Friday, October 19, 2007


The clover and rye grass have been planted and I have the bruises to prove it.

The day before Mr. W came home those in the weather know predicted 100% chance of rain in our very parched state. Though the seeds had been scheduled to be sown earlier, we never got any rain and I didn't want to cast them to hope as many in our area did. Seeds are expensive and I wanted at least some assurance that they would have a chance to germinate.

The morning of the 100% chance of precipitation, I dragged K and Princess out of bed when I opened the chicken hutch. It looked and felt like rain, so I decided to plant. I had borrowed my dad's four-wheeler, just in case, the day before. We attached the seeder, which was a test in and of itself plus two trips to the hardware (thank goodness they open before seven).

Once attached and loaded we started spreading seeds. K drove. Princess rode in the middle and I sat on the metal cargo bars. I know, I know. This is not recommended usage of a four-wheeler. Even though I adjusted the spreader to the smallest seed setting, I felt we were using too many seeds per acre. I told K to go faster. He did. We got better coverage, but my 45 year old derrière was not designed for that speed on that rough terrain and hills.

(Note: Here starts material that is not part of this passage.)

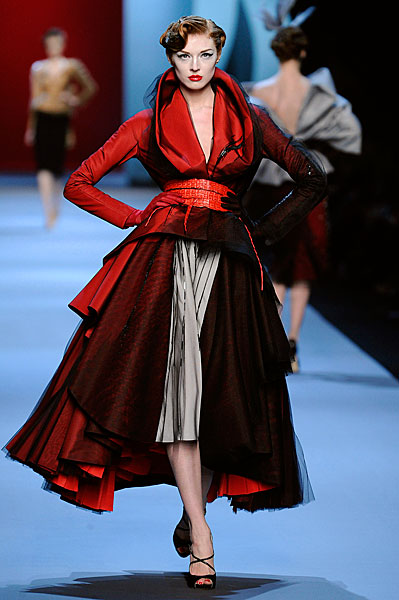 Lipstick & Marzipan: Christian Dior: Paris Couture Spring/Summer 2011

Yesterday morning, when my feet touched the floor I had a difficult time finding the will to pull myself into an erect position. I learned an important farming lesson - eleven year old male drivers, over 100 acres to seed, and forty-five year old derrières don't mix.



Angela said...

OUch is right! Did you ever get your rain after all that? You get my vote for Farmer of the Year....

Melora said...

One hundred acres? That is a Lot of seeding.
I can't mow the lawn on anything faster than the lower middle speed because it shakes my back too much, so I can just imagine how you must be feeling. Owww! Hope you got a good rain.

Kate in NJ said...

Sorry to hear about your sore tush!
I hope you got the rain you needed.
I agree with rock!

ZBTzahBTzoo said...

Heh. What DOES mix with forty-five year old derrières? Please, let me know!!!